Manganese overexposure: Unveiling its neurotoxic potential and involvement in pathogenesis of Parkinson's disease

Background

The modern era has brought increased availability of luxurious goods and conveniences, but manufacturing processes of metals and chemicals, including manganese (Mn), pose health risks. Overexposure of Mn is toxic, leading to neurodegenerative diseases like Parkinson’s disease (PD) which is characterized by dopaminergic neuronal loss. This study aims to investigates the neurotoxic effects of Mn alone and in combination with rotenone in PD-like pathology.

Material and methods

Male Wistar rats were treated with manganese chloride (MnCl₂; 15 mg/kg, i.p.) for 28 days. Motor coordination and grip strength were assessed using the strength glass chamber test and string test, respectively. Oxidative stress markers malondialdehyde (MDA) and lactate dehydrogenase (LDH) were measured.

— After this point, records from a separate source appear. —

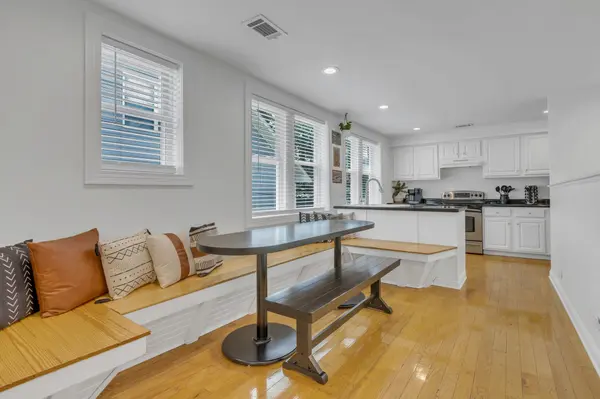 331 53rd Ave #N, Nashville, TN 37209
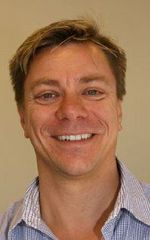 Фредрик Малмберг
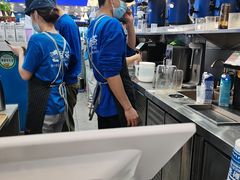 -耐茶 NICE TEA(东城万达店)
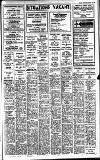 Cheshire Observer Friday 19 January 1968 Page 19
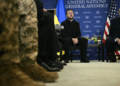 Zelensky refuzoi kërkesën e SHBA për ndalimin e sulmeve ndaj rafinerive ruse, Axios zbulon arsyen e marrëveshjes Trump-Putin për naftën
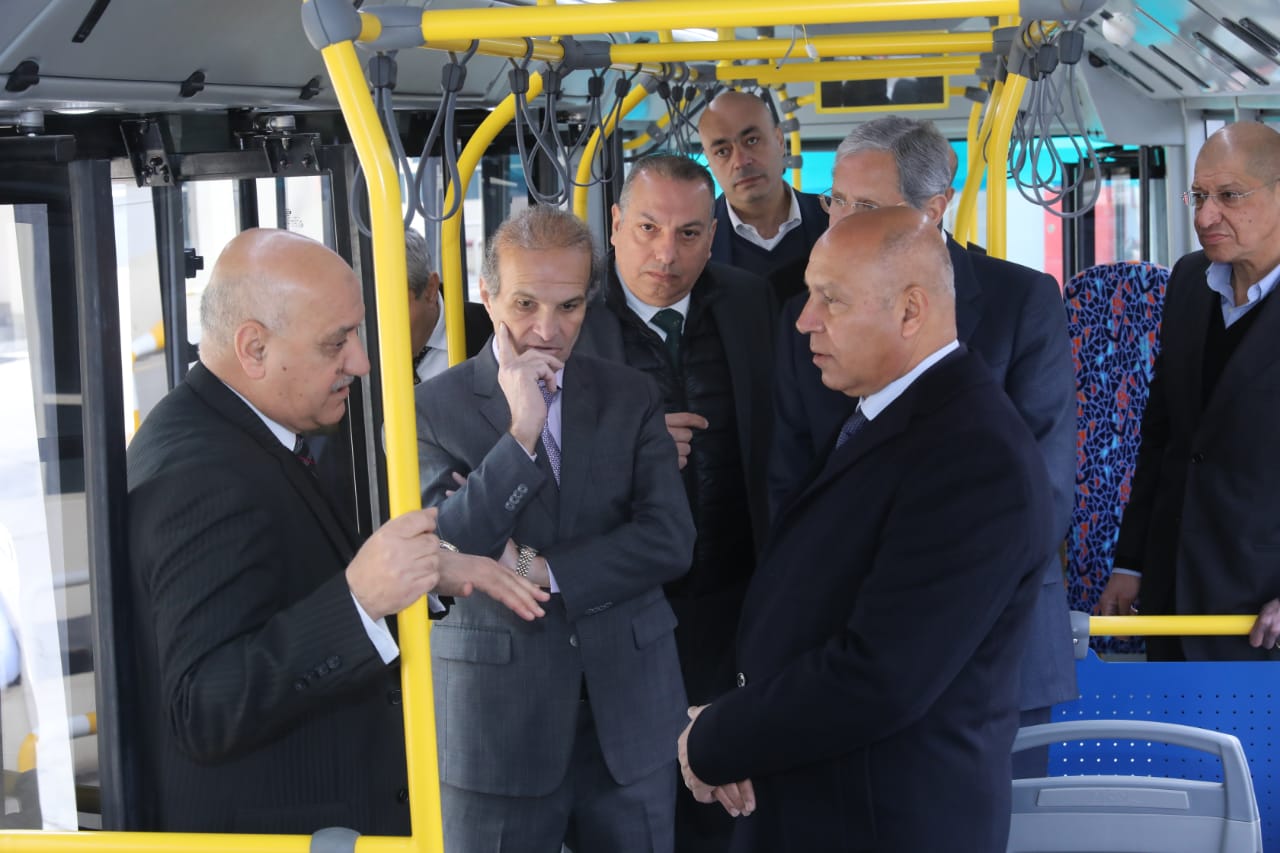 المسؤولية الاجتماعية
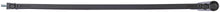 Load image into Gallery viewer, 7-3899 Spectra Premium A/C Condenser Spectra Premium Canada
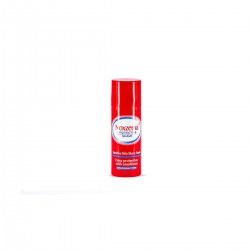 Noxzema Espuma de Barbear para Pele Sensível, 50 ml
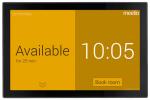 10 Inch Android Tablet With POE Light Sensor Proximity Sensor For Home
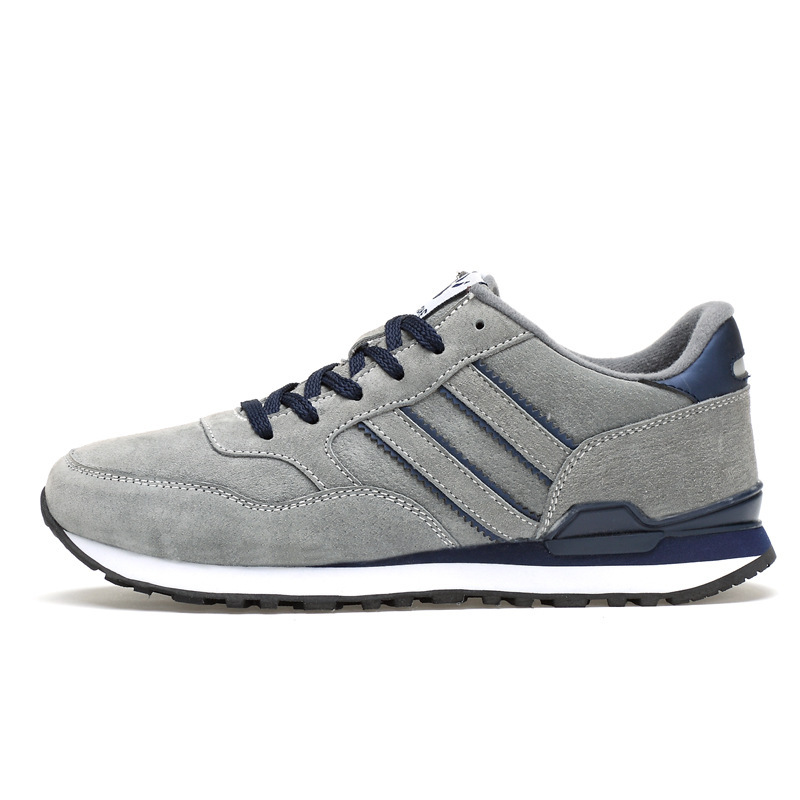 Dark Sneakers - Image 2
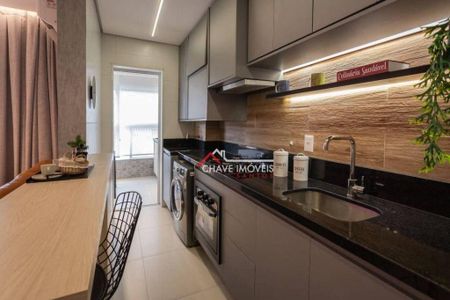 6_photo/94ce03aa49.cba9474eaf1c4fd4-ATLAS-7b95152a-8e77-475c-bbbf-a249a6adafcb.jpg de apartamento à venda com 1 quarto, 55m² em Boqueirão, Santos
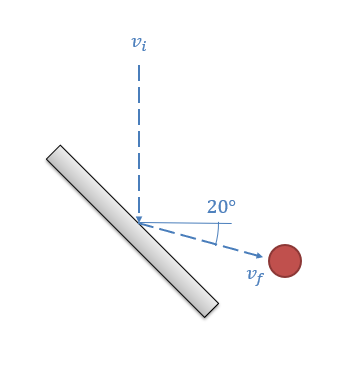 Problem 3 Diagram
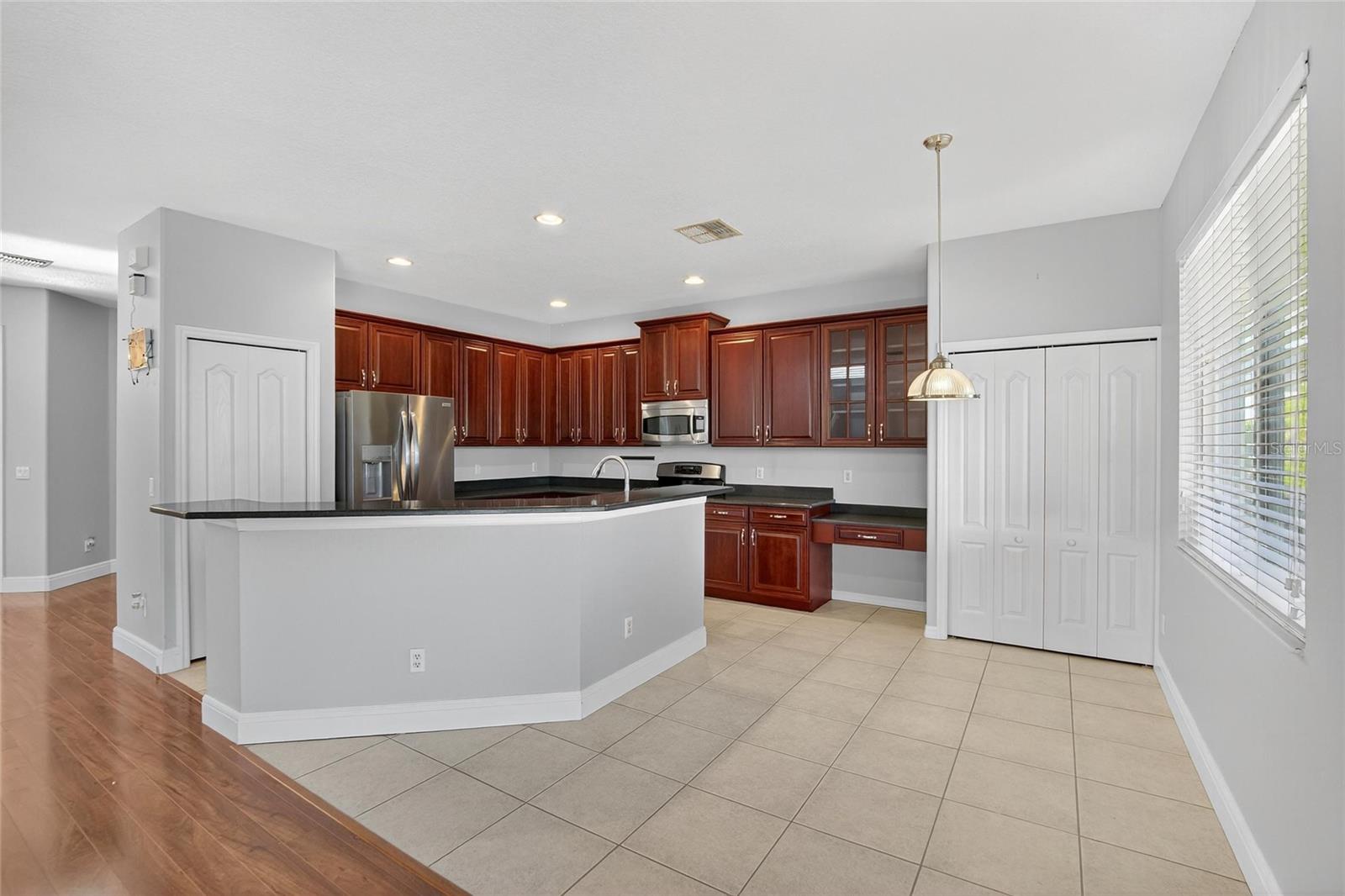 20703 Great Laurel Avenue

Inflammatory marker interleukin-6 (IL-6) and apoptotic marker caspase-3 were quantified using ELISA. Dopamine and glutamate levels were analysed in brain homogenates via reversed-phase high-performance liquid chromatography (RP-HPLC).

Results

MnCl₂ exposure significantly impaired motor coordination and grip strength. Oxidative stress markers (MDA and LDH) and IL-6 levels were markedly elevated in MnCl₂-treated rats compared to controls (p < 0.05). Apoptosis was evident with increased caspase-3 levels (p < 0.05). Neurotransmitter analysis revealed reduced dopamine and elevated glutamate concentrations (p < 0.05). Notably, combining MnCl2 with lower dose of rotenone successfully mimicked PD-like pathology.

Conclusion

Chronic Mn exposure induces oxidative stress, inflammation, and neurotransmitter dysregulation, mimicking Parkinsonian neurotoxicity. This study highlights MnCl₂ as a safer alternative to high-dose rotenone for inducing PD-like symptoms for preclinical PD research. The findings underscore the health risks associated with Mn overexposure and its critical role in PD pathogenesis.